Kross was among those who crossed early on — so early that nobody was yet waiting on the other side when they reached the West. He recalled hopping on the first subway to then-West Berlin's main boulevard, the Kurfuerstendamm.

"All hell was breaking loose there," Kross said.

Merkel also welcomed Poland's 1980s pro-democracy leader, Lech Walesa, to the former crossing Monday, saying that his Solidarity movement provided "incredible encouragement" to East Germans.

The leaders were joined by prominent former East Germans such as Joachim Gauck, an ex-pastor who later oversaw the archives of East Germany's secret police, the Stasi.

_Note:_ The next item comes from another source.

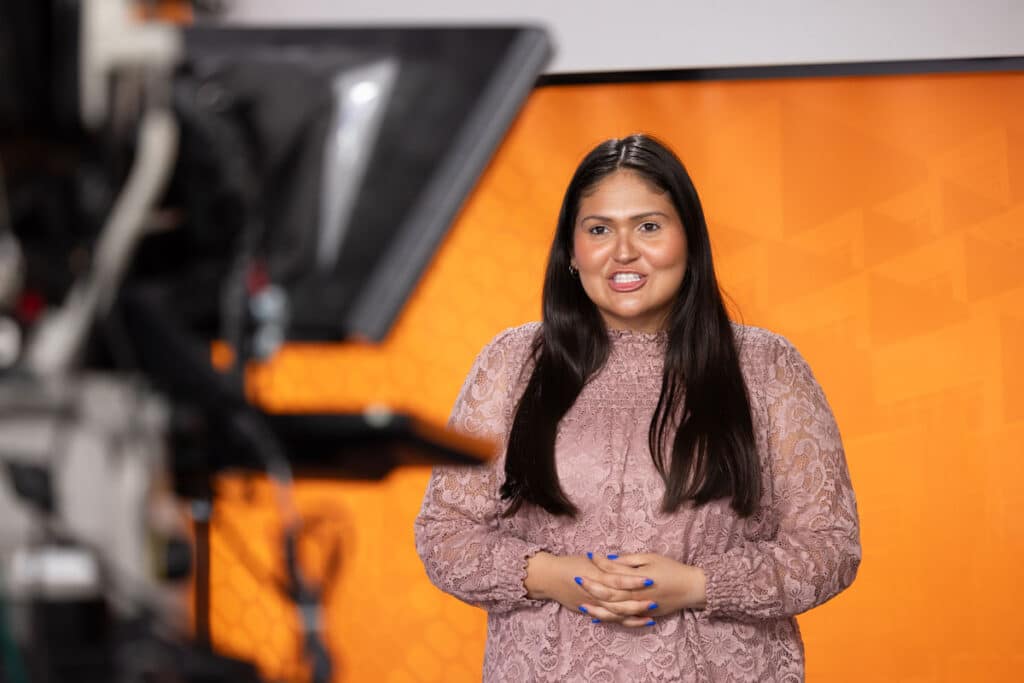 A student stands in front of a camera and with the UT orange background of the Volunteer Channel behind her as she does a broadcast.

"Those in government thought they were opening a valve, but once it was open much more happened," Gauck said of the border opening. "A collapse followed."

The bridge crossing was one of a series of events marking Monday's anniversary of the border's opening after the wall kept East German citizens penned in for 28 years.

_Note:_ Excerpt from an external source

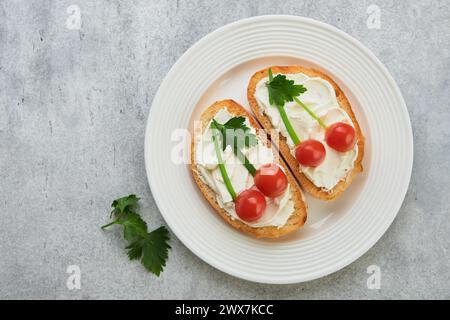 Toast drôle en forme de sandwich aux cerises mûres avec fromage à la crème, pain, tomate cerise, oignon et persil. Idée d'art alimentaire pour la nourriture des enfants. Pause créative Banque D'Images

Music from Bon Jovi and Beethoven was to recall the joy of the border's opening, which led to German reunification less than a year later and the swift demolition of most of the wall — which snaked for 96 miles (155 kilometers) around West Berlin, a capitalist enclave deep inside East Germany.

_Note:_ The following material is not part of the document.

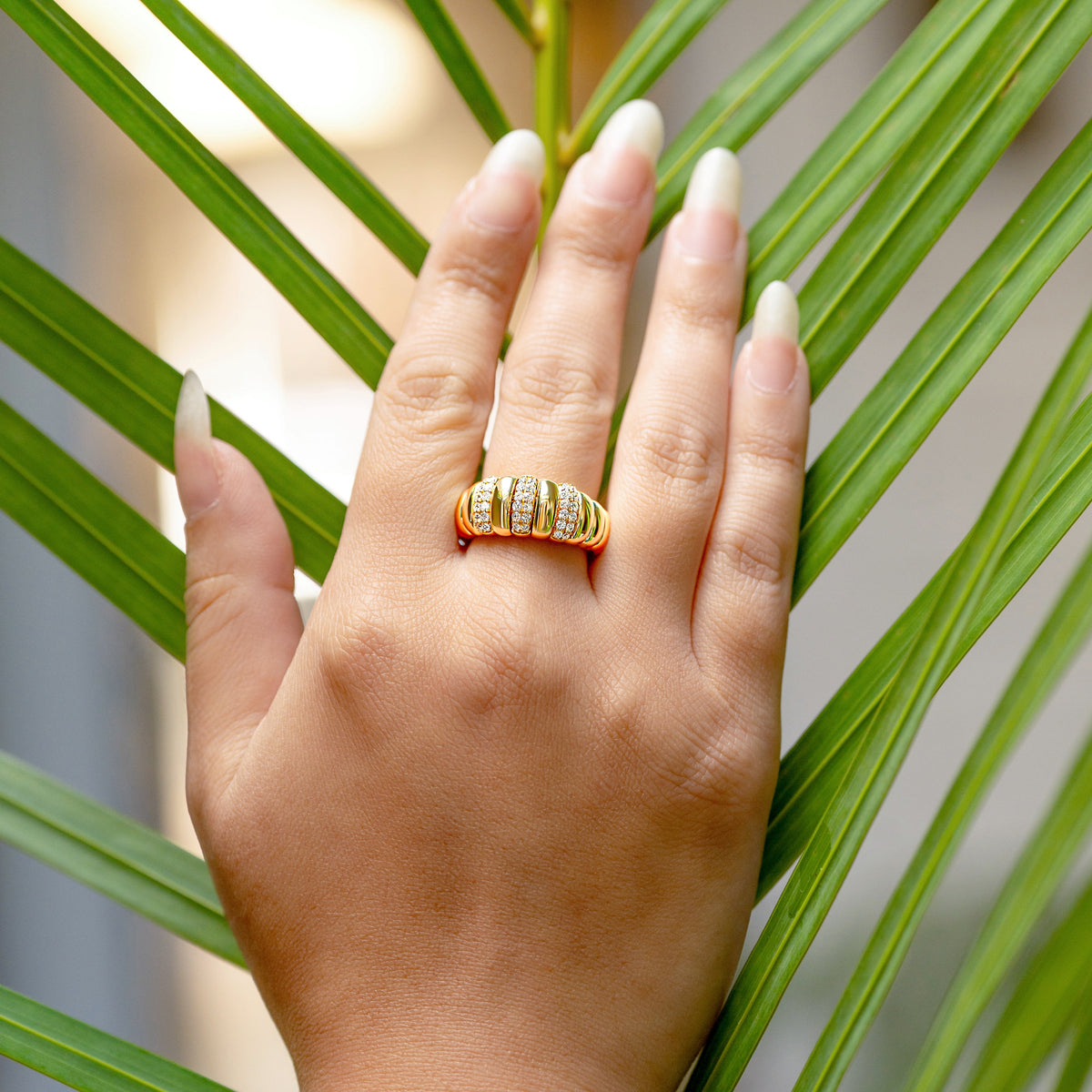 A gold ring with three vertical rows of small pave diamonds worn on a person's ring finger, shown against a background of green palm leaves.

Memorials were held for the 136 people killed trying to cross the border. Candles were lit and 1,000 towering plastic foam dominoes placed along the wall's route to be tipped over later Monday, much like the collapse of communism in the wake of the Berlin Wall's opening.

The organizer of the dominoes, Moritz van Duelmen, director of Kulturprojekte Berlin, said the idea was to "make history according to the domino theory."

Also in Berlin for the ceremonies were the leaders of all 27 European Union countries and Russian President Dmitry Medvedev.

The wall's opening came hours after a botched announcement by a senior communist official on a cold, wet night in 1989.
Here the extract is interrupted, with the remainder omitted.